L'autorité de l'administration d'origine exerce le pouvoir disciplinaire, le cas échéant sur demande de l'administration ou l'organisme d'accueil.

3 – Procédure

En principe, la mise à disposition donne lieu à remboursement. Toutefois, il peut être dérogé à cette règle, par délibération (à l'exception de la mise à disposition auprès d'un établissement public rattaché à l'établissement public de coopération intercommunale dont la collectivité ou l'établissement public administratif est membre).

Une convention doit obligatoirement être passée entre l'administration d'origine et l'organisme d'accueil.

Cette convention définit notamment la nature et le niveau des activités exercées par l'agent, ses conditions d'emploi et les modalités du contrôle et de l'évaluation des activités. Elle prévoit également, le cas échéant, les modalités de remboursement, par l'organisme d'accueil, de la rémunération perçue par l'agent.

4 – Durée

La durée de la mise à disposition ne peut excéder 3 ans. Elle peut être renouvelée pour la même durée, dans la limite de 6 ans au total.

5 – Fin de la mise à disposition

La mise à disposition peut prendre fin, avant l'expiration de sa durée, à la demande de l'agent, de l'administration d'origine ou de l'administration ou de l'organisme d'accueil (sous réserve des règles de préavis prévues par la convention de mise à disposition).

Toutefois, en cas de faute disciplinaire, il peut être mis fin à la mise à disposition sans préavis, par accord entre l'administration gestionnaire et l'administration ou l'organisme d'accueil.

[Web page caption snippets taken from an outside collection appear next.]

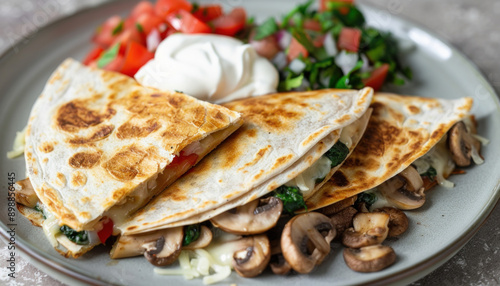 A plate presents a quesadilla stuffed with mushrooms, spinach, cheese, and sour cream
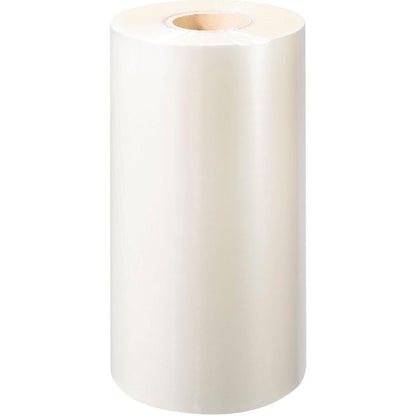 A large roll of Duni GmbH PP sealing film Antifog transparent plastic film with a cardboard core stands upright against a plain white background - perfect for food packaging and antifog packaging.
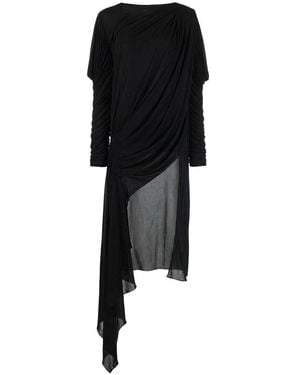 Gucci Asymmetric Crepe Mini Dress - Black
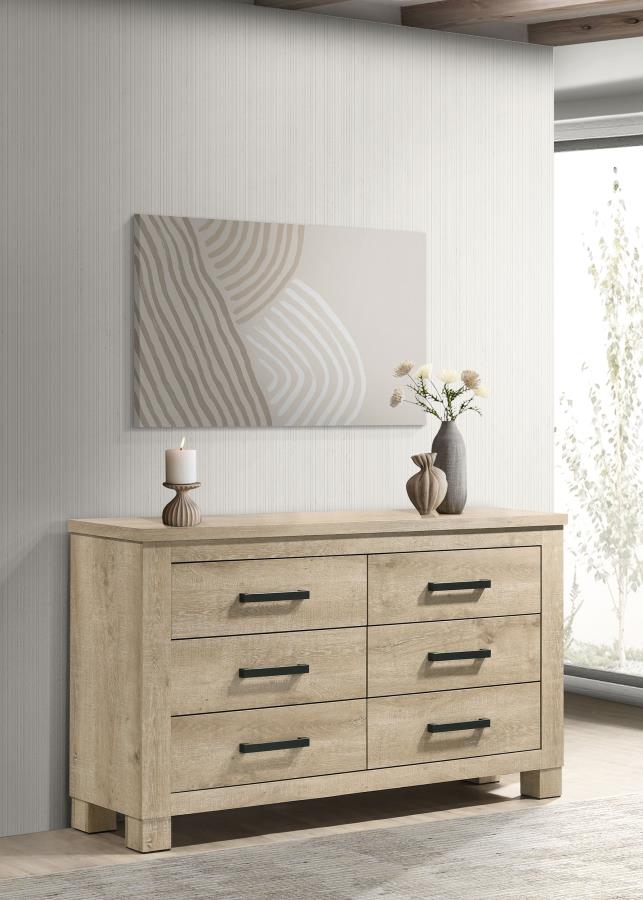 Oakglen 6-drawer Bedroom Dresser Weathered Oak - 225103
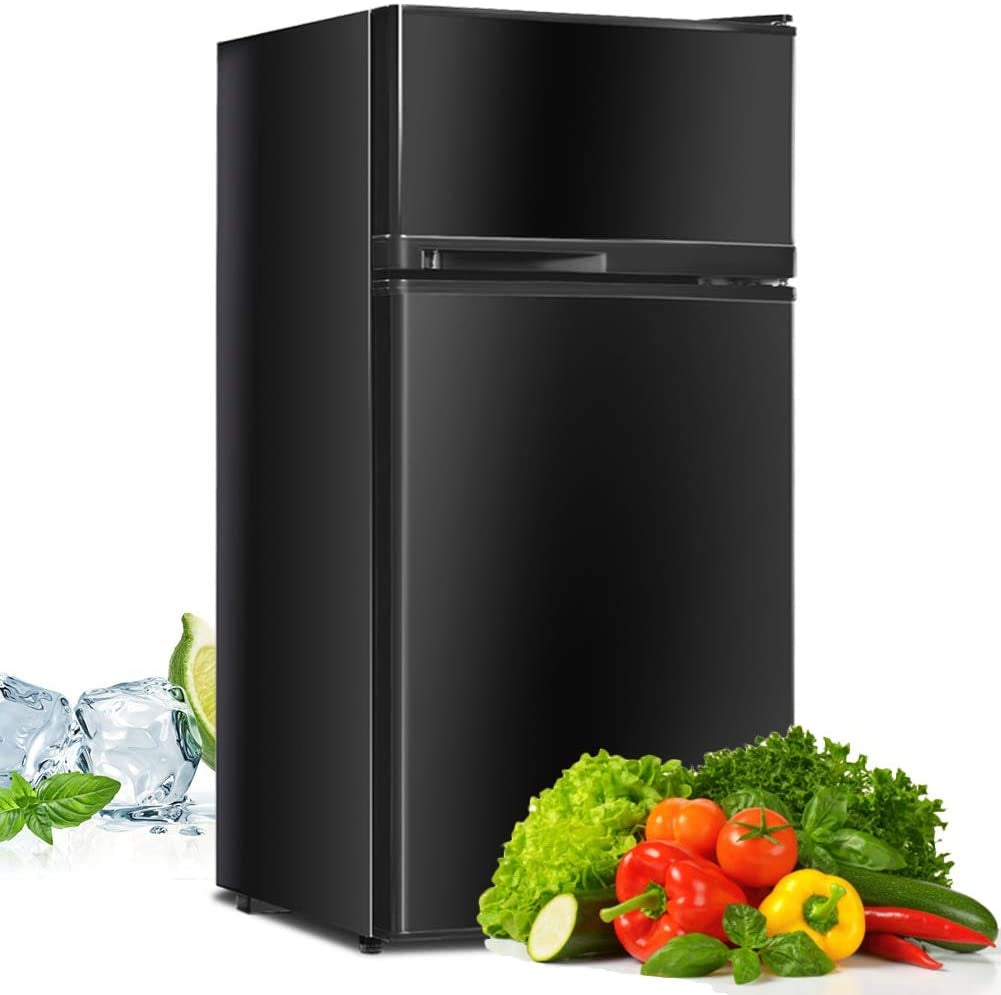 2 Doors Cold-rolled Sheet Compact Refrigerator-Black-Refrigerators-DECOROLALA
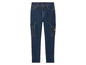 Donkerblauwe skinny jeans met cargozakken.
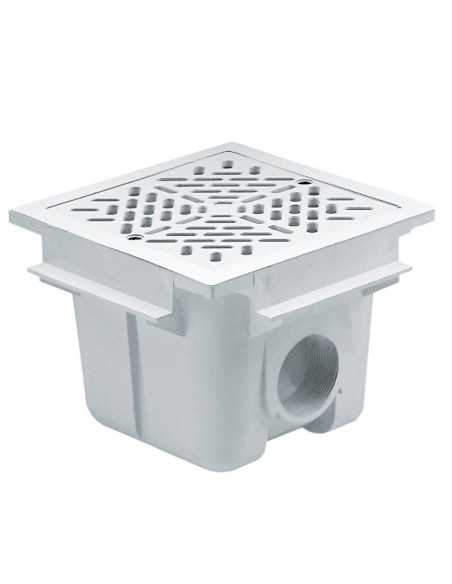 Sumidero piscina hormigon ASTRAL cuadrado 2" 210x210mm 00258 Blanco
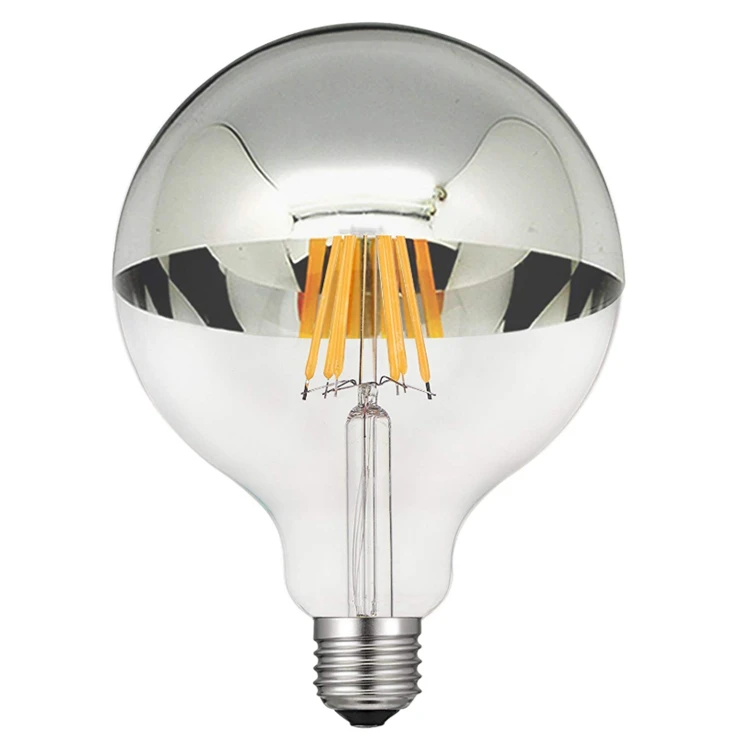 4 Watts Clear Half Silver Mirror Designer Vintage Edison LED Filament Light Bulb G125 2700K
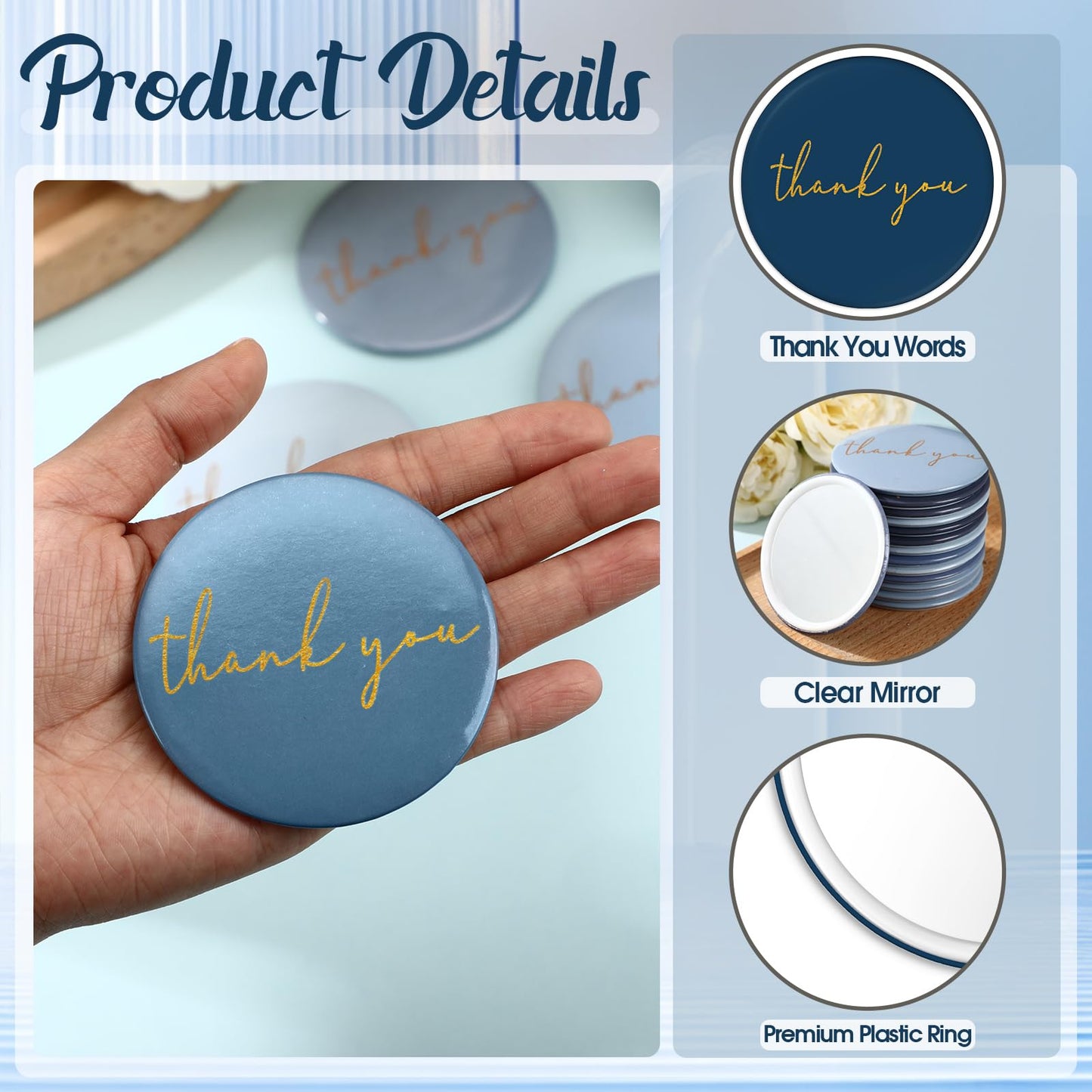 Tioncy 30 Pcs Thank You Gifts Bulk Compact Mirror for Women Bulk Gifts Mini Pocket Mirror Thank You Gift for Women Employee Staff Coworker(Blue Series)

A l'issue de sa mise à disposition, l'agent est réemployé pour exercer ses fonctions précédentes ou, à défaut, sur un poste équivalent de son administration d'origine.

6 – Rapport

Chaque administration établit un état faisant apparaître le nombre de ses agents non titulaires mis à disposition ainsi que leur répartition entre les organismes bénéficiaires. Cet état est inclus dans le rapport annuel aux comités techniques paritaires.